Объекты истории религий

Прежде всего, аль-Фаруки определяет историю религий как сферу научной деятельности, включающей в себя три «дисциплины»: очерк (именуемый им «сбором данных»); формирование «смысловых единств» и вынесение «суждения в отношении» последних, или их оценка.

По словам ученого, на протяжении веков ислам учил, что вся жизнь (все пространство и время) имеет «религиозную природу». Потому перед историей религии стоит задача изучения не только личностного акта веры или социальной деятельности человека, но и жизни в целом (в пространственно-временных координатах).

Мыслитель раскрывает, что история религий «исследует каждое действие человека», поскольку оно «является составной частью религиозного комплекса». Другое дело, пишет аль-Фаруки, непосредственно религия является не действием, а «измерением», содержащимся во всех действиях. Потому он изображает религию не некой вещью, а перспективой, вложенной в каждую из вещей, ведь речь идет о «высшем и наиболее важном измерении». Последнее «принимает во внимание» как личное действие (т. е. концентрирующееся внутри предоставившего ему пространство для свершения религиозно-культурных проявлений), так и «принадлежащее всеобщему контексту пространства и времени». Именно поэтому «предмет истории религий» составляет все и вся.       

Каждый человеческий поступок, разъясняет аль-Фаруки, «религиозен в том смысле», что одновременно затрагивает и внутреннее «я» члена общества, и весь мир. Посему в этом поле, наряду с так называемой областью «священного», «сакрального», помещается мирской формат. Отсюда – вхождение даже мелкого отсека «человеческих знаний и устремлений» в историю религии, «объектом» которой просматривается «история, культура и цивилизация» христиан, иудеев, буддистов, индуистов, мусульман и др.

 
Систематизация данных

По аль-Фаруки, получаемая информация нуждается в систематизации и упорядоченности, достигающихся посредством «трех операций».

Прежде всего, данные должны быть «соотнесены друг с другом таким образом, чтобы раскрыть ядро идей, воплощением которых они являются». Только в таком случае современный исследователь может получить  возможность успешно использовать информацию, в частности, путем анализа отраженных идей и всех иных деталей, в любой из религий, образующих «сеть или систему значений». В этом контексте данные должны «соотноситься с историей», предоставляя в распоряжение исследователя «исчерпывающую картину» из всего «религиозно-культурного» пласта рассматриваемого периода. Лишь при таком подходе возможно проявление целостной картины.

Во-вторых, важно установить и продемонстрировать «отношения каждой единицы информации со всем комплексом исторических данных, к которому она принадлежит». Актуальность данного нюанса просматривается особенно в том случае, «когда мы имеем дело с мыслью». Нам ведь «необходимо отыскать ее источник», тщательно проследить проявление начальной фазы и дальнейшее поступательное развитие, а, если потребуется, то и процесс упадка. Здесь также видится необходимость соотнесения «с историческим контекстом» всего процесса как изменения идей, институтов, оценок, так и «человеческих установок и поступков». 

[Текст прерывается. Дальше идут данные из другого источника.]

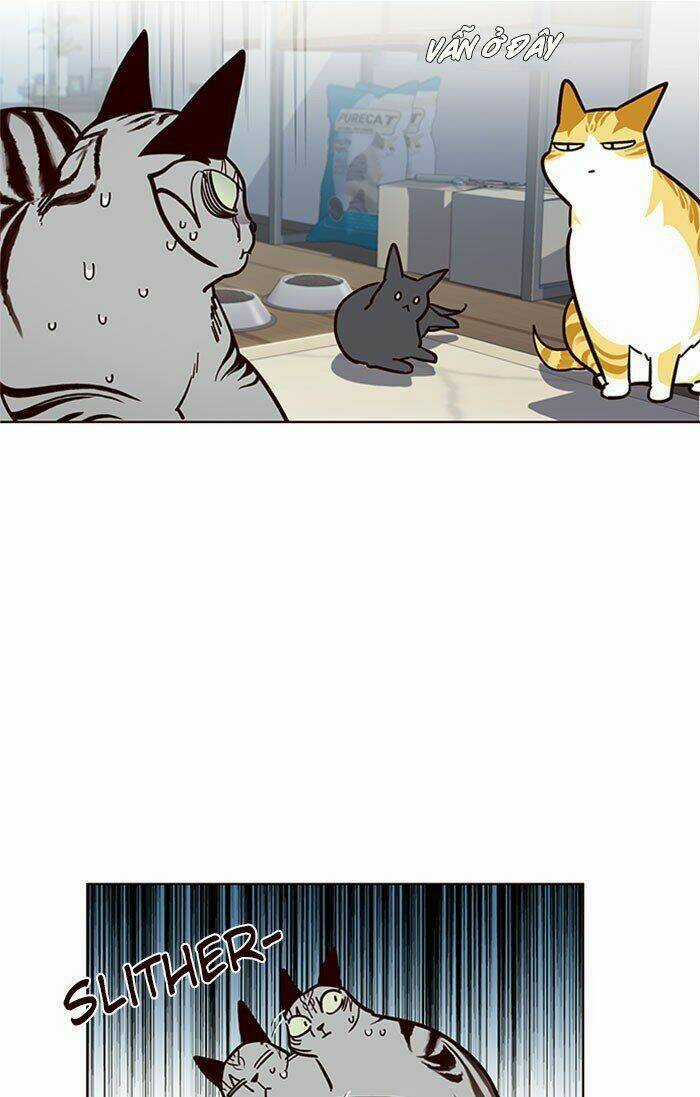 Hoá Thân Thành Mèo - Eleceed Chapter 37 trang 42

На заключительном же этапе вся полученная информация, классифицированная и обобщенная «описанным выше образом», подводит к пониманию «сущностного значения» собранного материала с его последующим обобщением и разъяснением. Вместе с тем, стыковка имеющейся на руках информации с «комплексом исторических данных» поспособствует конкретике и структуризации в плане изучаемого исторического этапа или определенной темы. 

Но при всем этом главенствующим «принципом систематизации» имеющихся данных становится их соответствие чертам, присущим исследуемому религиозно-культурному полю. В этой связи нельзя подвергать произвольной деформации границы, разделяющие религии и культуры. Так же как нельзя искусственно наделять их несвойственными им категориями. 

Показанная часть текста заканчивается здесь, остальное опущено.